Help Points

Help Points

These are interesting, so I can’t help but keep snapping pictures of them and writing about them. Help points, or reference desks, or information desks: they are common in a variety of different locations, and they wear so many guises. At the Apple store, they did away with the furniture and turned a massive staff into uniformed, technologicaly-equipped help points themselves. To be honest I’m undecided on how well that works. It works when the staff come to you exactly when you need them, switching the tables on “just in case” information points. (In the Apple store, the information points come up to you!) What’s required to make that work is a) uniforms, and b) a tremendous number of staff. Have you ever counted how many staff there are in an Apple store? It’s twice as many as you think. And then there’s the people behind the scenes we don’t even see.

For locations who can’t hire that many staff, or who can’t dictate a uniform for the staff they, furniture and lighting often steps in to create an obvious, approachable point for people to find and move toward when they have a problem or a question.
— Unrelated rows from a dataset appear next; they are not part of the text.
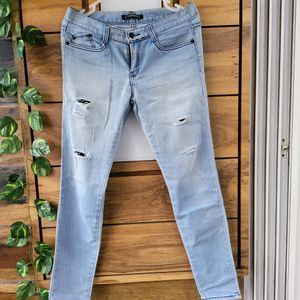 Mid Waist Light Blue Torned Denim For Women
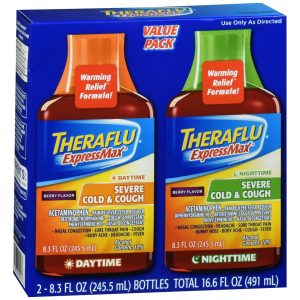 Theraflu ExpressMax Daytime & Nighttime Severe Cold & Cough Liquid Berry Flavor - 16.6 OZ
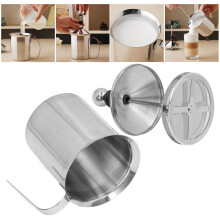 Espumador de leche manual de 800 ml, acero inoxidable, 10 x 19,7 cm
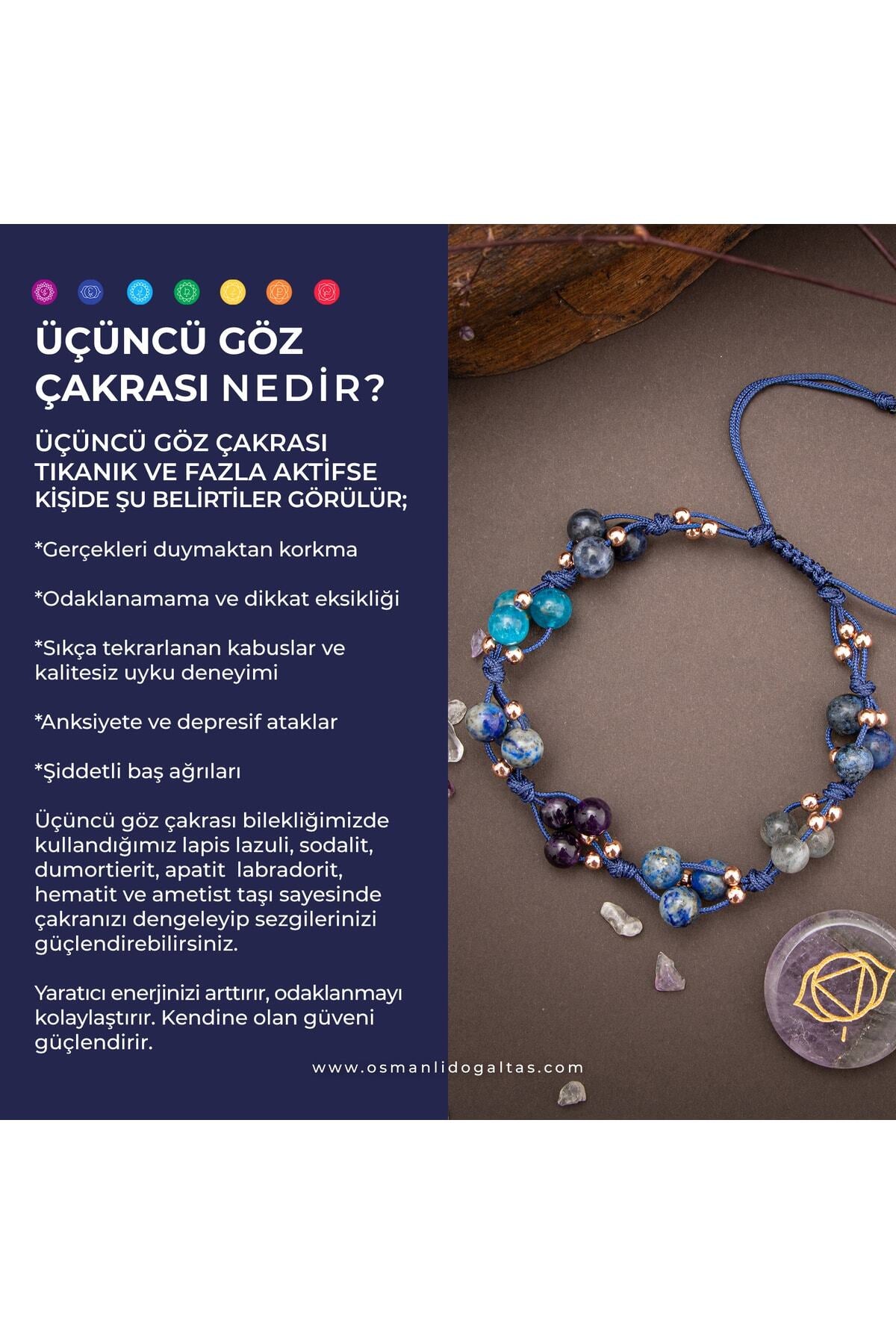 Sertifikalı Üçüncü Göz Çakra Bilekliği Lapis, Sodalit, Ametist Doğal Taşlı Makrome Kapama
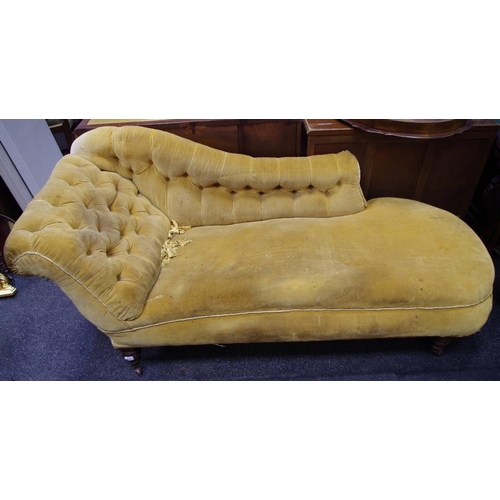 456 - A Victorian chaise lounge/day bed, scroll arm, button back, circa 1860, 188cm long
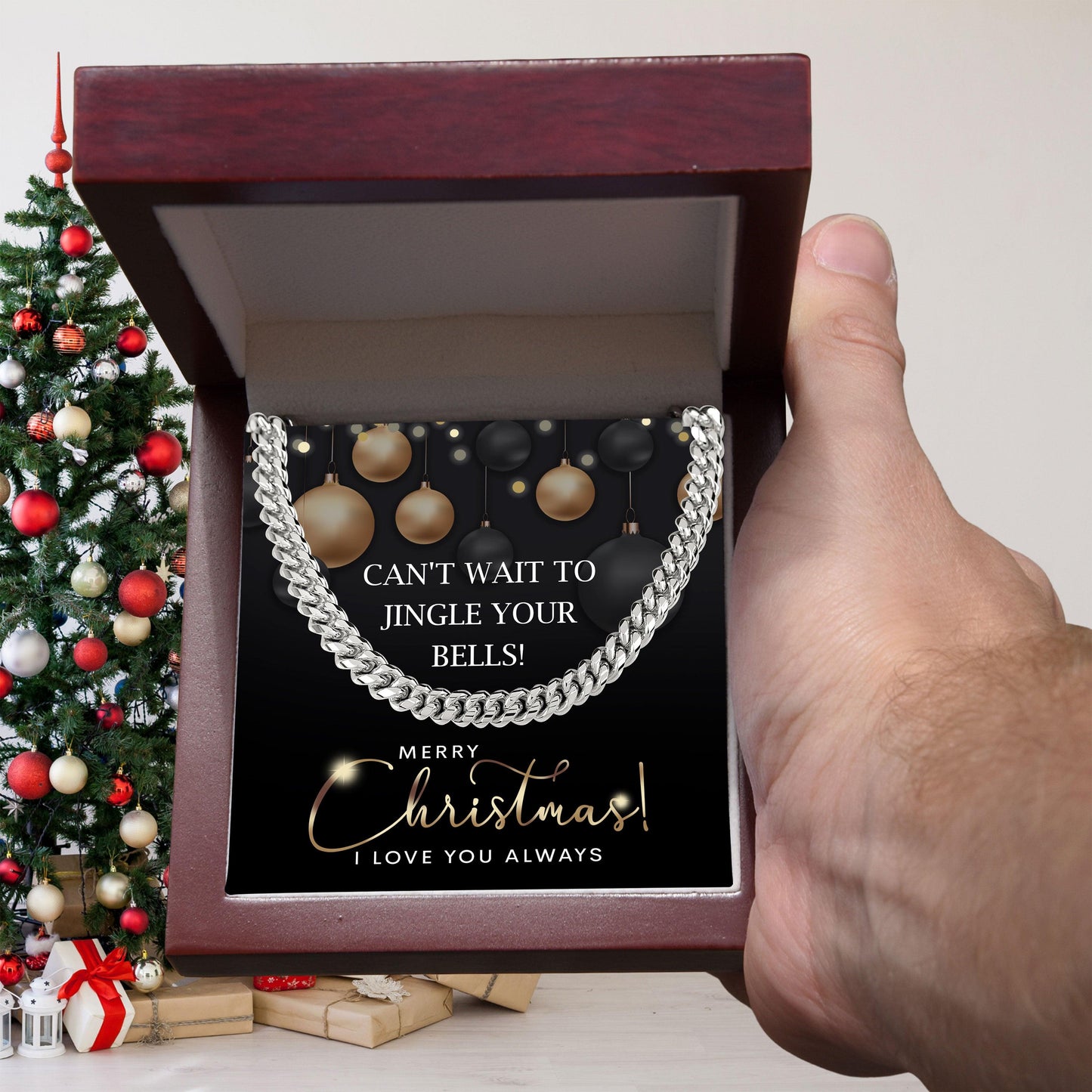 Gift for My Man - Jingle Your Bells - Cuban Link Chain Necklace - Mallard Moon Gift Shop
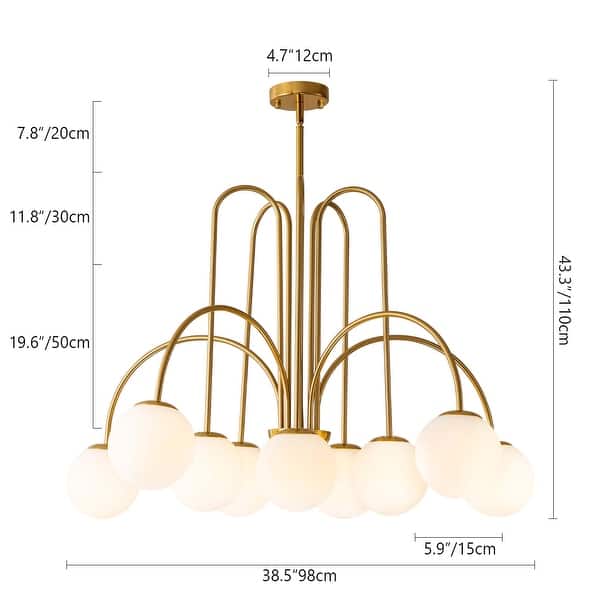dimension image slide 1 of 5, Modern Sputnik Glass Bubble Chandelier in Gold for Dining Room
Here’s the main desk at the Victoria and Albert Museum:

I know a lot of forward-thinking librarians are anti-desk. Especially anti-big-desk, and anti-“just in case” staffing. I can’t stay I’m anti-desk or pro-desk. I don’t think these things can exist without a solid, proactive service model behind it, and I think whether a space requires a designated desk, and what kind of designated desk in that case, is entirely dependent on the context of the institution. If it’s purpose is to act as that gravitation point, almost like a meeting place, an architectural feature so obvious you can’t miss it if you tried, ideally tied to a well-considered service model, a giant yellow desk might be just what you need. If your space requires a staffed visibly beating heart, then you might as well take to 11. That’s obviously the direction the V&A took.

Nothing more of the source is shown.